Luciana Grassi
C'era una volta un tipo prudente
Quando la sera passi dal viale, rallenti il passo o la pedalata proprio
sotto quella finestra senza tende per vedere alla luce elettrica
quell'uomo seduto sulle sue scatole a guardare una scatola luminosa,
agli occhi un paio di occhiali, la schiena un po' curva, risalta sul blu
della parete di fronte.
Chiuso nella sua scatola non lo vedrai mai fuori di là.
Un tipo prudente. Tiene tutto lì dentro, nelle scatole, non può rischiare
di perdere qualcosa o che qualcuno le veda e le usi, rovinandole. Così
negli anni ha raccolto e chiuso nelle scatole. E le scatole si sono
moltiplicate. Ben chiuse e catalogate occupano ormai tutta la sua grande
scatola di cemento.
Prudente, attento, le spolvera tutti i giorni perché non si rovinino, le
tiene in ordine, ha imparato negli anni a riconoscere il cartone più
resistente e le ha ordinate nei quattro grandi scomparti della sua scatola
di cemento. In uno degli scomparti, tutte in fila, le scatole che
contengono le scatole più importanti della sua vita. Prudente, timoroso,
non le apre quasi mai; con gli anni, la vista affievolita e il corpo
indebolito, ha paura che gli cadano spostandole. Non ricorda più cosa ci
sia dentro precisamente, ma sa che sono le scatole più preziose di tutte.

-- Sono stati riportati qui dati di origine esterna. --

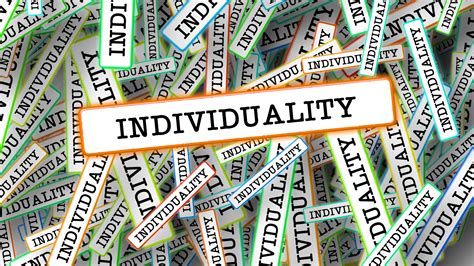 Individuality:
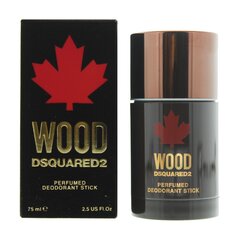 Карандаш-дезодорант Dsquared2 Wood Pour Homme, 75 мл цена и информация | Женская парфюмированная косметика | hansapost.ee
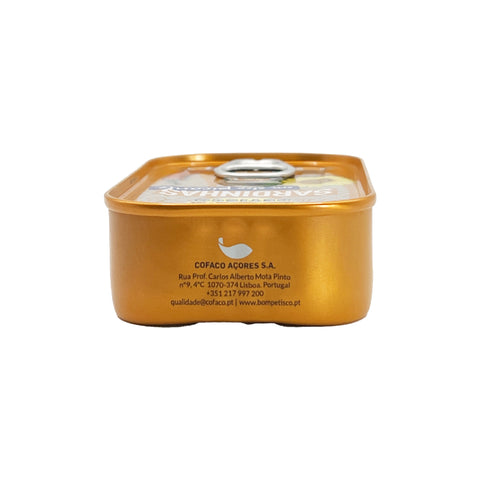 Bom Petisco - Scharfe Sardinen in Öl - 84 g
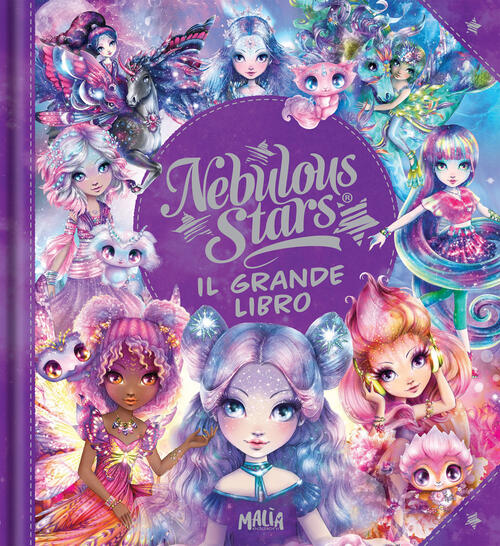 Il Grande Libro. Nebulous Stars Annie Turcotte, Edith Chouinard Pon Pon Edizio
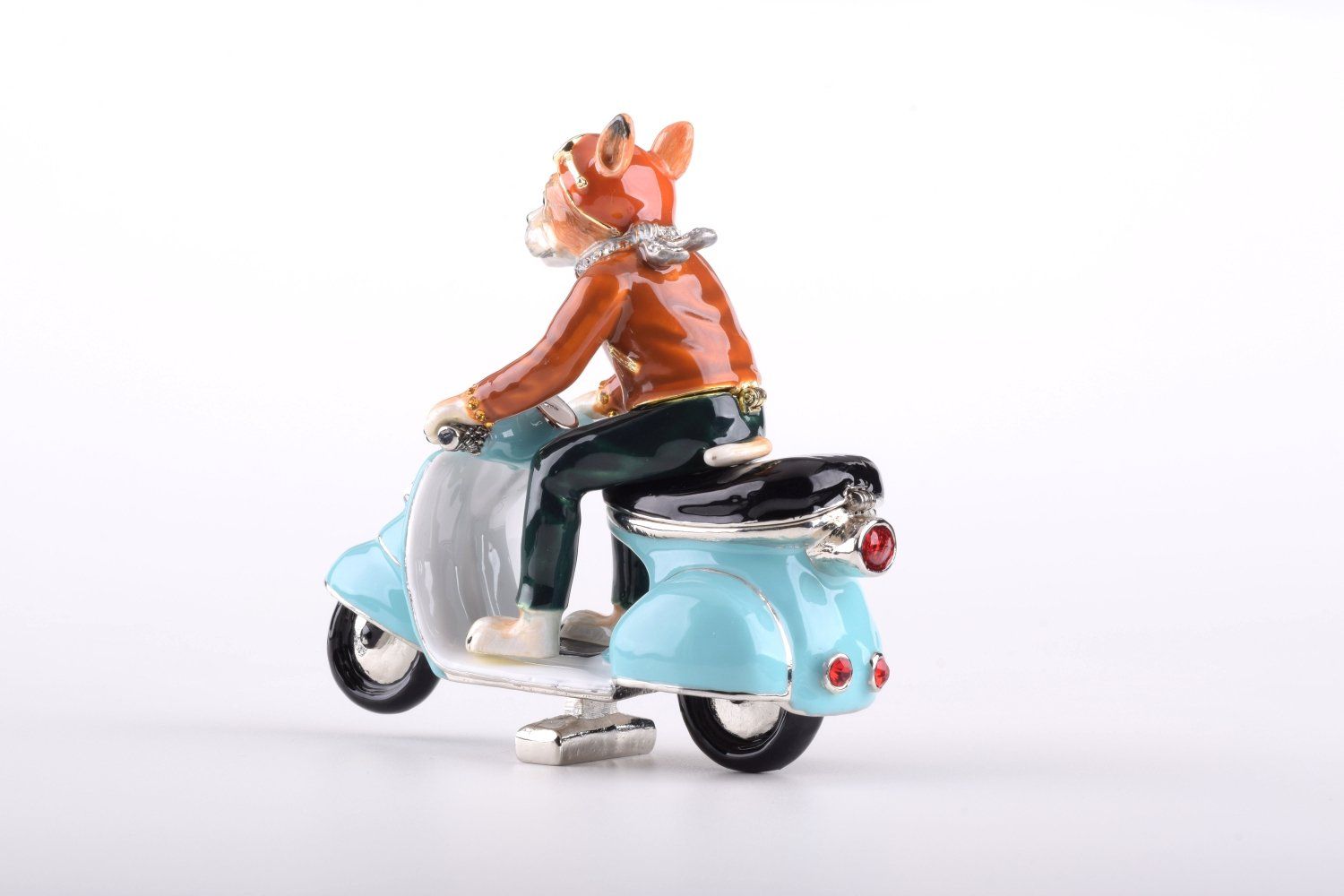 Dog on Vespa - Tampa Home & Garden Store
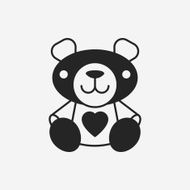bear doll icon N13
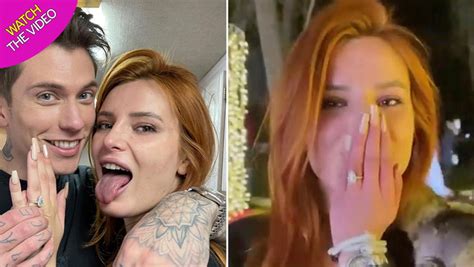 Bella Thorne Gets Engaged To Benjamin Mascolo After Two Years Of Dating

In un altro scomparto, un po' disordinate, le scatole piene di progetti e
buoni propositi, ne riempie sempre di nuove, ma una volta chiuse non
le riapre quasi mai. Lo travolgono con colori, suoni voci, voci, voci, volti.
Euforia che lo lascia esausto, spossato. Ci va sempre meno lì dentro e
dopo è costretto a rifugiarsi nel terzo scomparto con le scatole che apre
più spesso.
Non ce ne sono tante, sono un po' consumate, ma non può sostituirle.
Ordinate secondo una logica che ha dimenticato, stanno una sull'altra
su un lato. Nella pila alcune sono rimaste aperte e lasciano uscire
conforto, calore e comodità; sono quelle che ha fin da bambino, lo
hanno accompagnato tutta la vita, grazie a loro si è chiuso nella sua
grande scatola di cemento. Prudente, accorto fin da bambino, le ha
curate e custodite, le ha riconosciute subito come la zavorra che non lo
avrebbe fatto volare via. Di fronte ce n'è un'altra pila, scatole chiuse e
polverose, non le guarda mai, neanche le pulisce, quasi non fossero più
lì, piene di volti conosciuti e persi, di parole e frasi da voci intime, di
carezze e risate. Proprio non si accorge più che sono lì. Può sbatterci
contro e non vederle, possono rotolare a terra e non le sente.
Ma quando la luna sale, la luce si spegne. Prudente, lento, va assonnato
nel quarto scomparto, ci entra solo quando il sonno prende il
sopravvento e dopo che si è tolto gli occhiali riponendoli nella loro
custodia. Quasi completamente al buio, nello scomparto entrano solo
strisce di luce dall'esterno. Al centro, disposte in un grande rettangolo,
21 scatole e sopra, sul lato più corto, una piccola scatola. Pulite e
ordinate, non le apre, ci si stende e le ascolta: i pensieri, gli irrealizzati,
le paure che bloccano i desideri. Ma più forte di tutto il silenzio, quello
bianco e lattiginoso che ti fa ronzare le orecchie, che ti pesa sul petto,
pesa fino a rallentare il battito del cuore. Poco prima di cadere nel
torpore prende la piccola scatola e ci soffia dentro. Al risveglio la luce ha
spazzato via il silenzio e la piccola scatola è vuota. Prudente, calmo,
ricomincia a pulire le scatole e gli scomparti.
Quando una sera passi dal viale, rallenti il passo o la pedalata e la luce è
spenta, non riesci a vedere dalla finestra, il buio la trasforma in uno
specchio, ma senti il vuoto, il vento che svuota tutto, il silenzio che è
scomparso, il cartone che si sgretola lento e implacabile. Prudente, ma
non abbastanza, non aveva scatole per conservare il futuro.